Is it wrong that I found myself feeling mildly excited by the prospect of walking the aisles of our local Tesco? On second thoughts don't answer that. The thing is my world has shrunk to such minuscule proportions since having the twins that any trip out of the house, however mundane and workaday, is a thrill nowadays.
It used to be that I would feel a fizz of anticipation at the idea of a night out with friends, or a mini break to a romantic foreign destination. Now I plan my day around a half hour trip to Boots to mooch around amongst the baby clothes, or if I really want to push the boat out I might visit the nearby shopping centre for a browse amongst the boxes of chicken Kiev and over priced, undersized ladies fashion.
Don't get me wrong, I am not entirely unhappy with this turn of events. I have never been a party girl, or yearned to 'travel', complete with backpack full of rancid clothes and seedy encounters on sandy beaches. In fact I usually found that even when I did go out or away the high point of the event was returning home, planting myself on the sofa and recounting my adventures. They were more fun in the retelling that in the living.
When I was 18 I went to India, which was the de rigeur activity for a gap year back in the 90s. I took a rucksack packed with water purifying kit, clean syringes, antibiotics, Immodium and malaria tablets, my head filled with terrifying tales of dysentery and disaster on the road. The culture shock was terrifying, I had never gone further than a package tour to Italy and here I was in the teeming, boiling, alien mass of humanity that was Delhi. I lay in my filthy flea pit hotel bed, sweating under a rickety fan, shaking with fear and longing for home.
I certainly found myself on that trip, but what I found out about myself is that I am timid and prissy in the face of an alien culture, I didn't gasp in awe at the gleaming white palaces suspended as if by magic in the centre of a glassy lake, at the monkeys scaling ornate Hindu temples or the glowing jewels studded into the tragic marble edifice of the Taj Mahal.
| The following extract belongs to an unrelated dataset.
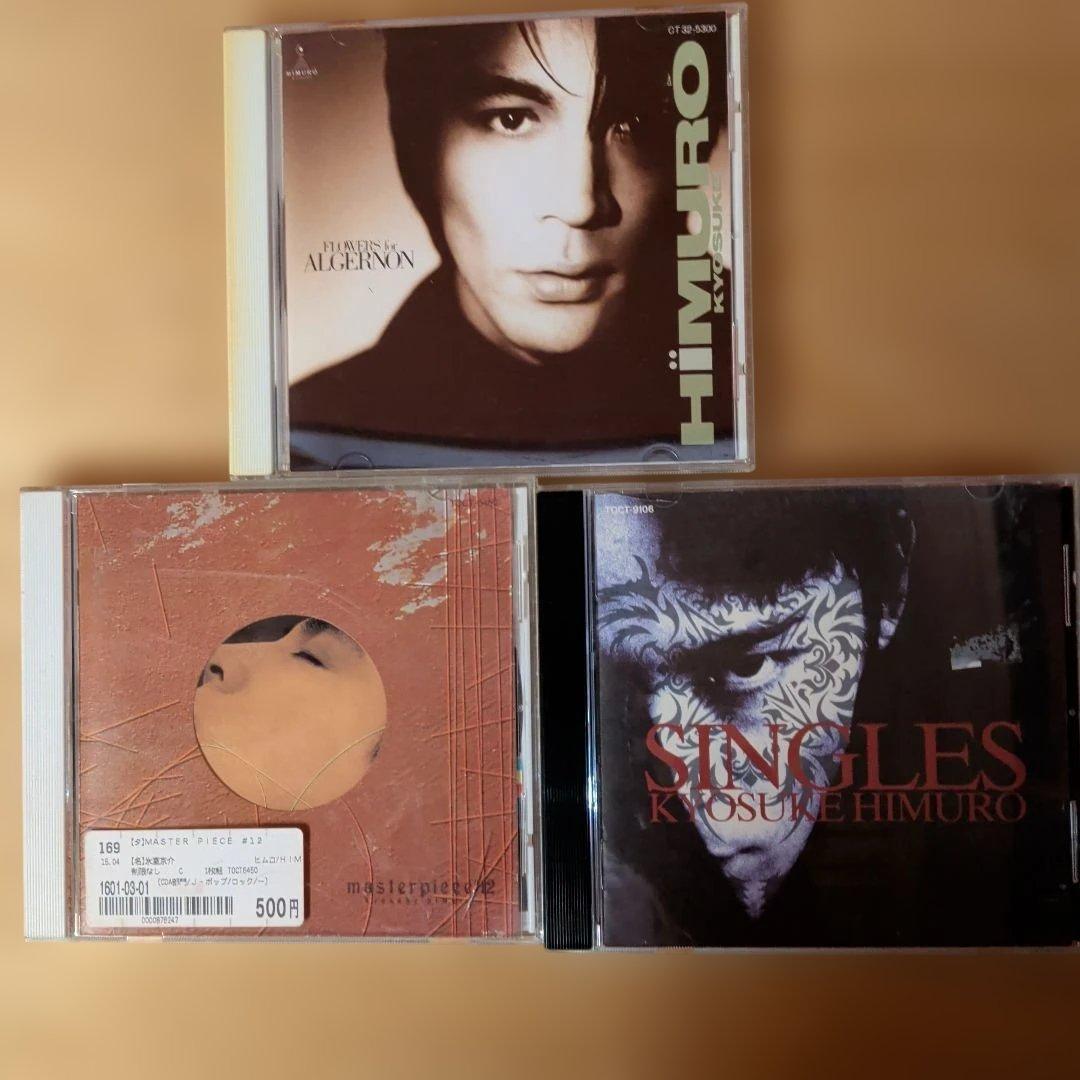 氷室京介 CDセット - メルカリ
No I was too busy being shocked by the people pooing in the street in broad daylight, and then reaching nonchalantly up to stir a pot of curry they were hawking to passersby, or the leprous beggars, their decaying limbs swathed in greying, filthy rags and the skin and bone children with their piteous liquid eyes beseeching you for a rupee whenever you walked the streets.
I was terrified, horrified and desperate to get on the next plane home. When it came to the day of my departure there was some kind of a problem at the airport, I don't recall what, but there was the threat of having to remain another day. I broke down in tears and begged my way onto another plane back to Blighty. I have never returned.
I have met many people who have adored their time travelling, who are full of entrancing tales of magical chance encounters, life expanding experiences, beautiful beaches and sensuous strangers, but I found out at an early age that it really wasn't for me.
Perhaps one day I will return to India, it is after all a beautiful and magnificent country, but this time I'd want to travel in the comfort and style that all the backpackers I met so scorned, but which I secretly envied. For now though I am quite happy to limit my travelling to Tesco with my twins.